Do Rio de Janeiro para São Paulo, mais precisamente Itupeva, casa da Cervejaria Blondine, que retorna ao site com sua Circus, uma English IPA produzida com maltes, lúpulos e levedura de origem inglesa. De coloração âmbar caramelada e creme bege de média formação e retenção, a Circus exibe um aroma Bitter com bastante presença de maltado sugerindo caramelo levemente tostado além de herbal e terroso. Na boca, maltado caramelado trazendo doçura ao primeiro toque e, na sequencia, leve amargor (40 IBUs) com tosta, herbal e chá. A textura é levemente picante e um tiquinho metálica. Dai pra frente, uma cerveja notadamente inglesa, com muita percepção de caramelo e chá, mas um leve desiquilíbrio que a deixa levemente arisca numa escola que prima pela elegância. O final é maltado e levemente amargo. No retrogosto, chá, caramelo e um pouco de nozes.

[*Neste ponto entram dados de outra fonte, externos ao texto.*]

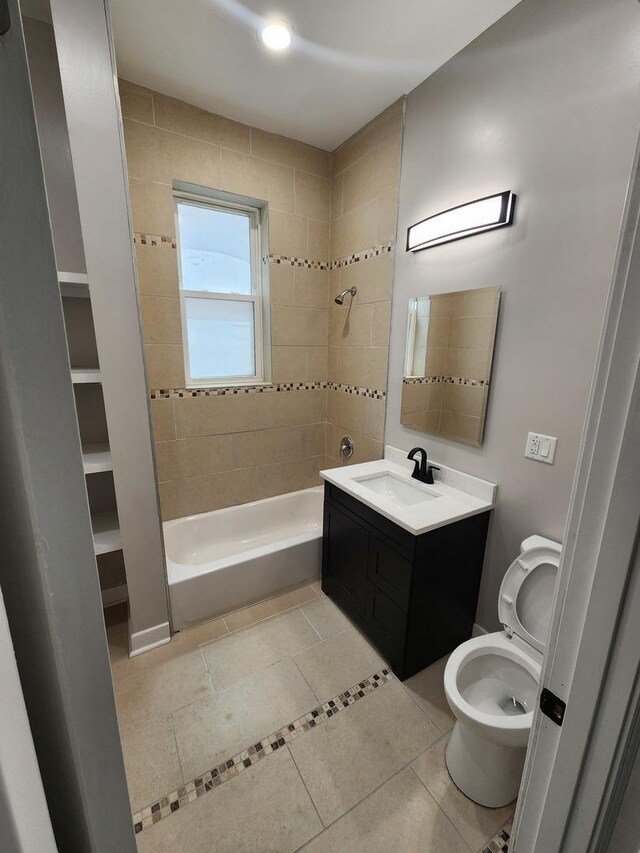 1332 S Lawndale Ave, Chicago, IL 60623 - bathroom featuring bathing tub / shower combination, vanity, and tile patterned flooring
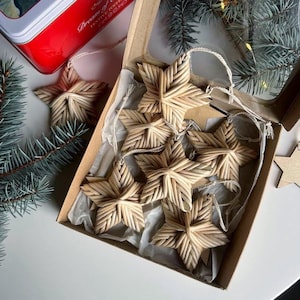 May include: A collection of woven straw star ornaments, some inside a cardboard box with a clear lid. The stars are light brown and have a textured, woven appearance. A red tin with text is visible in the background, along with evergreen branches.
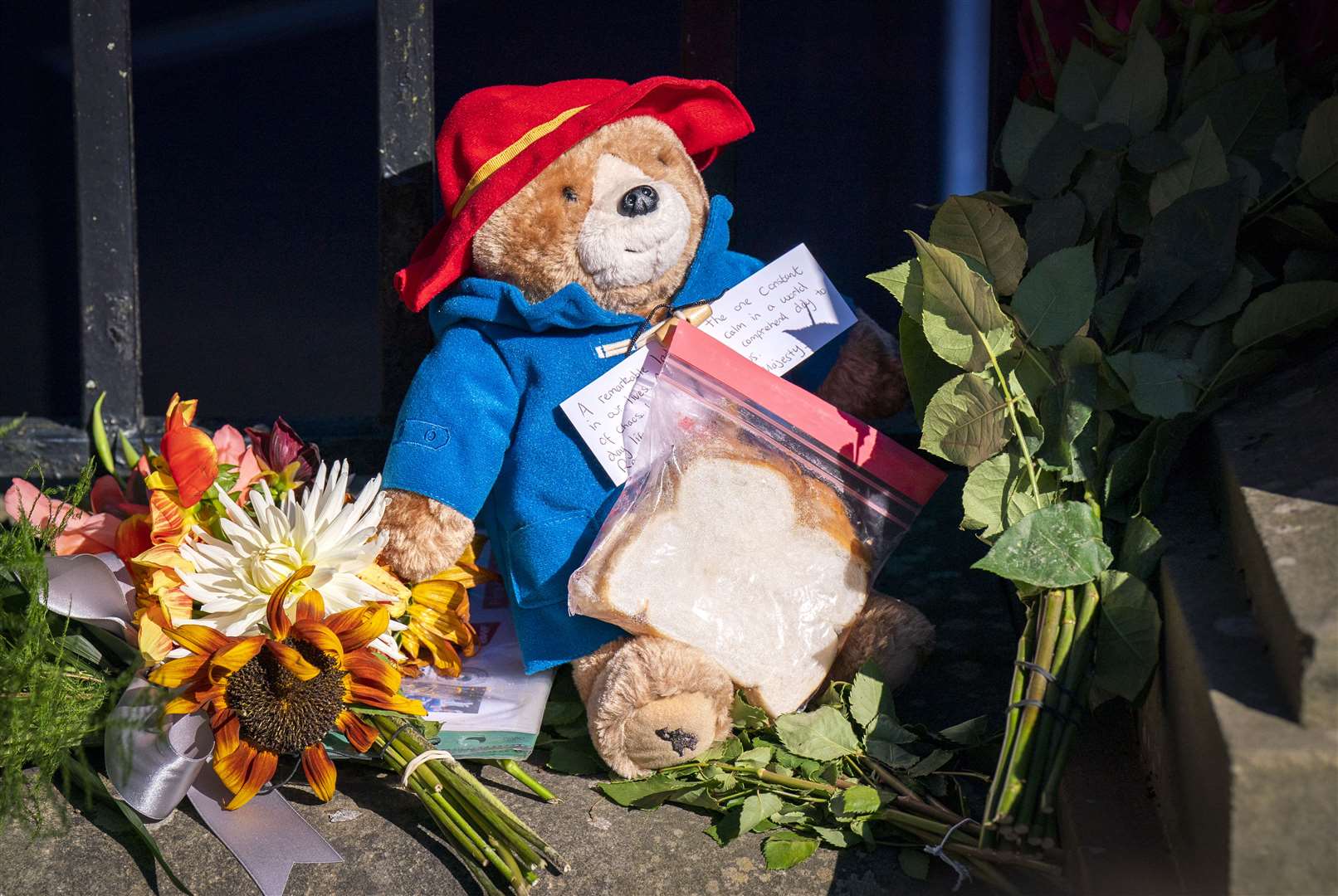 A Paddington Bear toy is left amongst flowers and tributes outside the Palace of Holyroodhouse, Edinburgh (Jane Barlow/PA)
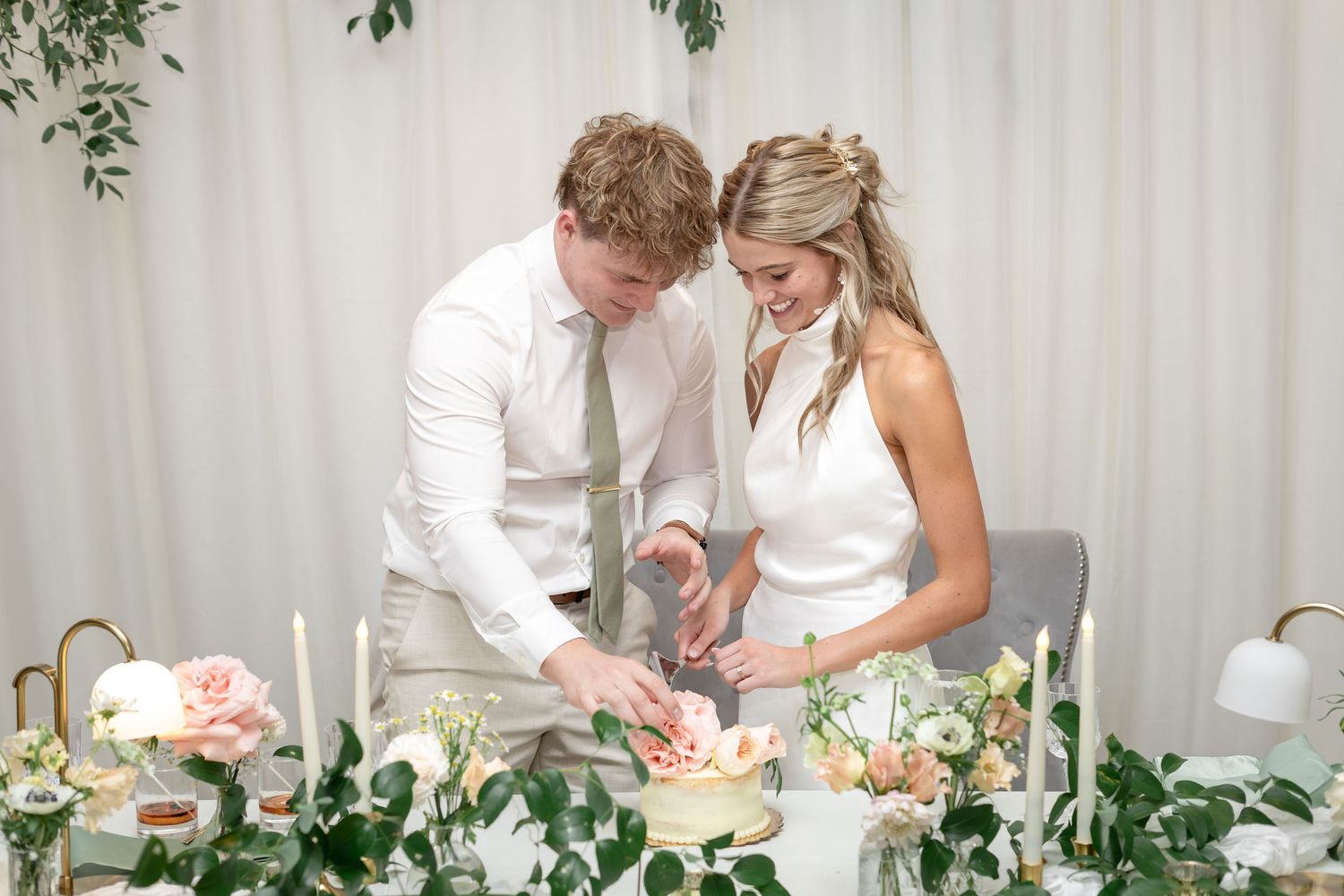 Bride and groom cutting wedding cake at elegant reception table with floral greenery and candles.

Ainda em São Paulo, mas saindo de Itupeva e indo para Cotia, mais precisamente para a fábrica da Mea Culpa, responsável pela produção da 3.0, terceira versão da linha Hoppiness, da Molinarius, do cervejeiro Sérgio Muller, uma New England IPA com os lúpulos Citra e Amarillo (ambos made in USA), os maltes Pilsen, Vienna, Munich, Dark, Carapils e trigo mais levedura Vermont. O resultado é uma cerveja de coloração amarela turva, juicy, como manda o estilo, de creme branco de ótima formação e média alta retenção. No nariz, bastante frutado cítrico (maracujá e manga) e uma leve presença de harsh advinda dos Cryo-Hops de Citra e Amarillo – aparentemente. Na boca, uma pancada cítrica deliciosa no primeiro toque seguida de um harsh mais suave do que o aroma provoca e de um amargor deliciosamente limpo, 35 IBUs que não são a estrela aqui, mas sim o sabor caprichado e o equilíbrio. A textura é suave com discreta picância e, dai pra frente, surge um conjunto caprichadíssimo, com bastante cítrico e um leve harsch querendo incomodar até no final, amarguinho. No retrogosto, leve harsch, cítrico e doçura. Boa!

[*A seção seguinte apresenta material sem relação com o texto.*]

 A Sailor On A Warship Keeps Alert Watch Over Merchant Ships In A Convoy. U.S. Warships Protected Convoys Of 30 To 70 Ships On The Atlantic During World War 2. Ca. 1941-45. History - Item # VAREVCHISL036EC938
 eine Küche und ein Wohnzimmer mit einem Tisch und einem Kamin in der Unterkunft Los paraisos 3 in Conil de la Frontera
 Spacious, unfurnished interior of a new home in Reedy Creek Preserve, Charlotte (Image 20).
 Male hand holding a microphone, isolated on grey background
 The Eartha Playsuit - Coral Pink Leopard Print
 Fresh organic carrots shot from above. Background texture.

Continuamos em São Paulo, mas saímos de Cotia para Nova Odessa, onde fica a fábrica da Cervejaria Bergreen, responsável pela produção da cigana Landel, aqui representada pela Shepherd, uma American Wheat Ale que recebe adição de camomila e destaca o uso dos lúpulos El Dorado e TNT. Na taça, uma cerveja de coloração amarelo levemente palha com belo creme branco de ótima formação e média alta retenção. No nariz, floral, herbal remetendo a chá (com a camomila bem sutil), trigo e cereais. Na boca, doçura de trigo e de camomila no primeiro toque acrescidas de leve acidez seguida de floral, cítrico bastante suave e amargor bem suave. A textura é cremosa com leve picância metálica e uma discreta percepção sobre a língua de limão (novidade no percurso). Daqui pra frente, o limão se une a camomila e ao trigo na definição dessa boa American Wheat paulistana, que finaliza seca e condimentada. No retrogosto, limão e camomila. Gostei.

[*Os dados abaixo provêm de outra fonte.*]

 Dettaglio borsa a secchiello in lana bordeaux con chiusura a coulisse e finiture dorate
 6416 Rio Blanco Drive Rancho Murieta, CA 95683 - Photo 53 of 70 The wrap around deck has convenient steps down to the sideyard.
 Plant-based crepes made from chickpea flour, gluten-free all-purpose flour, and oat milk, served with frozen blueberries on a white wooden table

De São Paulo para o Distrito Federal, ainda que a cigana Micro X tenha produzida esta Tropicalista (da linha da chef Guga Rocha) em Ribeirão Preto. Trata-se de uma Fruit Beer que recebe adição de açaí e de cupuaçu, frutas típicas da região Norte brasileira. De coloração avermelhada desbotada meio alaranjada com creme branco de baixa formação e rápida dispersão, a Micro X Tropicalista exibe um aroma com percepção de açaí em destaque além de floral, cupuaçu na retaguarda e leve doçura de trigo além de sugestão de azedume suave. Na boca, doçura frutada (puxada para frutas vermelhas) no primeiro toque se abrindo deliciosamente na percepção de açaí na sequencia, depois cupuaçu em um leve azedinho. A textura é levemente picante com acidez se destacando e um leve metálico. Daí pra frente, uma Fruit Beer um tiquinho mais rebelde do que se conhece do estilo (o que é bom), com açaí encantador, floral e cupuaçu. No final, acidez leve, secura e frutado. No retrogosto, açaí, doçura de trigo, floral e cupuaçu. Bem interessante.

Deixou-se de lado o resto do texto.